El Ayuntamiento de San Miguel de Abona conmemoró el 30º aniversario de una de las costumbres más queridas y representativas del municipio. Treinta años después de su primera elaboración, la pelota de gofio continúa uniendo a generaciones de vecinos y vecinas de San Miguel de Abona, convirtiéndose en mucho más que una tradición gastronómica: en un auténtico símbolo de identidad y orgullo.
El alcalde, Arturo González, destaca que esta efeméride es también “𝘶𝘯 𝘳𝘦𝘤𝘰𝘯𝘰𝘤𝘪𝘮𝘪𝘦𝘯𝘵𝘰 𝘢 𝘵𝘰𝘥𝘢𝘴 𝘭𝘢𝘴 𝘱𝘦𝘳𝘴𝘰𝘯𝘢𝘴 𝘲𝘶𝘦 𝘤𝘰𝘯 𝘴𝘶 𝘥𝘦𝘥𝘪𝘤𝘢𝘤𝘪𝘰́𝘯 𝘺 𝘤𝘢𝘳𝘪𝘯̃𝘰, 𝘩𝘢𝘯 𝘮𝘢𝘯𝘵𝘦𝘯𝘪𝘥𝘰 𝘷𝘪𝘷𝘢 𝘦𝘴𝘵𝘢 𝘵𝘳𝘢𝘥𝘪𝘤𝘪𝘰́𝘯 𝘥𝘶𝘳𝘢𝘯𝘵𝘦 𝘵𝘳𝘦𝘴 𝘥𝘦́𝘤𝘢𝘥𝘢𝘴” y añade que “𝘴𝘰𝘯 𝘵𝘳𝘦𝘪𝘯𝘵𝘢 𝘢𝘯̃𝘰𝘴 𝘥𝘰𝘯𝘥𝘦 𝘭𝘢 𝘱𝘦𝘭𝘰𝘵𝘢 𝘩𝘢 𝘴𝘪𝘥𝘰 𝘵𝘦𝘴𝘵𝘪𝘨𝘰 𝘥𝘦 𝘦𝘯𝘤𝘶𝘦𝘯𝘵𝘳𝘰𝘴, 𝘤𝘦𝘭𝘦𝘣𝘳𝘢𝘤𝘪𝘰𝘯𝘦𝘴 𝘺 𝘮𝘰𝘮𝘦𝘯𝘵𝘰𝘴 𝘱𝘢𝘳𝘢 𝘤𝘰𝘮𝘱𝘢𝘳𝘵𝘪𝘳”.

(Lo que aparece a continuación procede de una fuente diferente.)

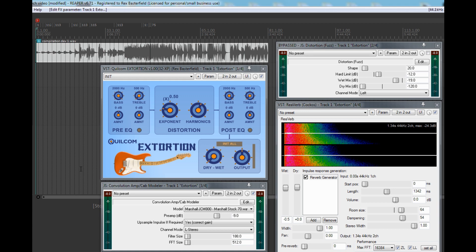So what I'll do is set the clip playing and fiddle about with the knobs, and you can hear some of the sounds.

La magnitud de esta tradición también se refleja en los más de 1.000 kilos de gofio y miel empleados durante estas tres décadas, junto a cientos de kilos de almendra y litros de aceite y vino. Ingredientes que, más allá de su valor culinario, representan el esfuerzo colectivo, la generosidad y el cariño de todo un pueblo que ha sabido preservar su esencia.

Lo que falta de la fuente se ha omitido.